1- Whatever form the emerging Saudi-Chinese military relations take, Saudi armament, training, command and control centers, and the administration of the army have been entirely American for nearly 80 years. Moreover, intelligence and security coordination and cooperation between Saudi Arabia and the United States are crucial for the Kingdom’s security.

2- Saudi Arabia has made massive investments in US Treasury bonds and gold reserves, as well as making sovereign investments in US stock markets.

3- Saudi Arabia, as a regional and global financial, commercial and investment hub, particularly since Vision 2030, depends on integration within the international financial and monetary system, in which Washington has more power and influence than any of its partners and competitors.

China is important, as is Washington. Contrary to the expectations of American binary thinking, the Kingdom is not in a position to choose between either of the two countries.

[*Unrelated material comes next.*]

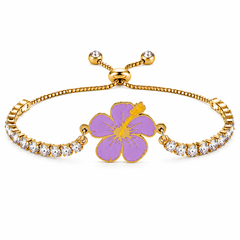 Hibiscus Flower Tennis Bracelet for Women | Gold Plated Stainless Steel Cubic Zirconia Adjustable Slide Clasp Bracelet | Red & Purple Enamel Floral Jewelry Gift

A long Foreign Affairs article explains that Crown Prince Mohammed believes that a fluid geopolitical order made up of a group of interlinked components is emerging. He believes that Saudi Arabia has a right to work with a wide array of partners to invigorate markets and develop political solutions.

This vision resembles the dream of the 1970s Non-Aligned Movement, except here, the common goal is taking every opportunity to further national interests, not giving rise to post-colonial nations. This comes at a time when allies’ confidence in Washington has been undermined around the world, not just in Saudi Arabia.

Emanuel Macron’s recent “60 Minutes” interview speaks to this fact. “I do. So my point is just I want us to be allies, I want us to be friends, I want us to be partners. I want to engage with the US but I don’t want to be dependent. And I think this is very important, because just imagine, on your side, would you accept as US citizen to say, ‘My security, my— my future will depend on an election in France?’ No, I cannot imagine.” This is precisely what the leaders of the Saudi Arabia, the UAE, and Egypt have been saying… The US is a friend, but it is not the only friend invited to the party.